In this technological turn we are presented with the question of “What it means to be human?” as the culmination of the remaking of humanity. When humanity as homo faber (i.e., as man the maker) is no longer ontologically distinct from the tools and machines we make. Through the initiation of the biotech century and the subsequent transformation of the technological turn, Bioethics 2.0 has fully emerged, adding to but not removing the needs presented by Bioethics 1.0 concerns, which continue to be some of those most pressingly felt in our everyday lives.

Yet, this transition to Bioethics 2.0 demands re-envisioning traditional bioethical categories and questions. What is the purpose of medicine in an age when health and wellness are relative to the capabilities and availability of medical and technological intervention? What does it meant to have children, when our concepts of children as gifts are replaced with a process of reproduction that produces children as an expression of parental choice and eventually control? What does it mean for medicine, when our menu of healthcare options offers us the possibility to be better than well? When our notion of human flourishing and human futures includes a future without humans? This transition to Bioethics 2.0 is one we have closely kept our eye on over the years and have often engaged. And yet is one that society as a whole and the church in particular have been very slow to appreciate in scope and potential impact.

Bioethics in Continued Transition

In other arenas of bioethical inquiry additional transitions include the move from a naturally domestic emphasis in the early years of the field of bioethics as it sought to deal with pressing crises from the explosion of reproductive technologies (specifically IVF) and the introduction of organ transplantation capabilities. The last decade in particular has seen a growing commitment to global bioethics. This interest in global bioethics has led to such initiatives as global bioethics education and the formation of national bioethics bodies. It led to the Universal Declaration on Bioethics and Human Rights and the formation of the International Bioethics Commission. Increasing attention has been given to the impact of globalization on the field of bioethics itself through the rise of medical and reproductive tourism, organ trafficking, international surrogacy and the whole “rent-a-womb” phenomenon that has captured the media’s attention, and other concerns that arise from rising trends in human exploitation and commodification around the globe.

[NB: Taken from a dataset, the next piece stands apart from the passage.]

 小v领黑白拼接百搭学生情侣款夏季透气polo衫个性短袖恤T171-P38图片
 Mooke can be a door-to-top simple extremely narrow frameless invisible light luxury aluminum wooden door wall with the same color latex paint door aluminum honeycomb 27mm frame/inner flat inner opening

Several of these issues we highlighted through our 2009 conference Global Bioethics. Other implications of rising globalization in bioethics include attention to research ethics across borders, and specifically transnational and intercultural research.

Stateside, we saw transitions in the nature of the clinical experience itself. The rise of consumer driven medicine in the backlash against any semblance of paternalism in medicine has seen the re-emergence of a form of soft paternalism through health policy. Other transitions in the clinical experience have seen the introduction of electronic medical records and the increasing reliance upon therapeutics and technique in contrast to historic emphases on providing care and comfort. The rise of autonomy as king among the casuistic principles, and the rising focus upon “informed” consent. We have seen rising commitment to multiculturalism, increasing attention to issues of health disparities, growing concern for preventive health protocols, and with them increased interest to move beyond personal health and wellness to include the discourse of public health.

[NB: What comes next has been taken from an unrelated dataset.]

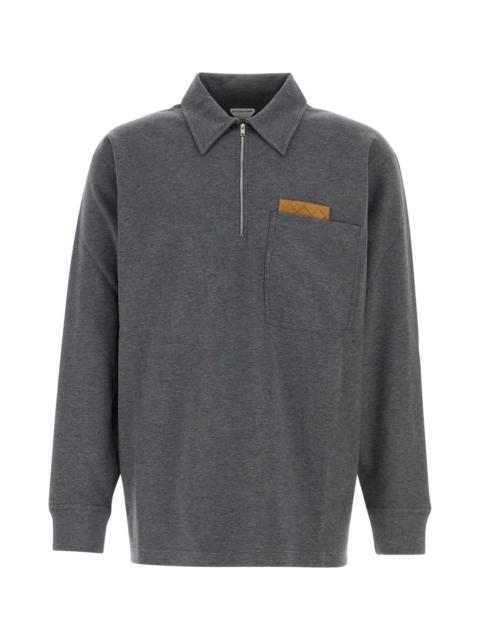 Bottega Veneta Dark Grey Cotton Polo Shirt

Bioethics has undergone interdisciplinary transformation with the meteoric rise of empirical research as a key aspect of contemporary bioethics, and the perennial challenges to the value of those of us who enter the discourse from the philosophical and theological domains rather than the more “applied” humanities, and the social and hard sciences.

Bioethics also is in the midst of a demographic transition, as the founding figures of this field are quickly aging and in some cases unfortunately are no longer with us. We could go on. What should be clear is that bioethics is a field constantly evolving. Indeed, bioethics is constantly in transition.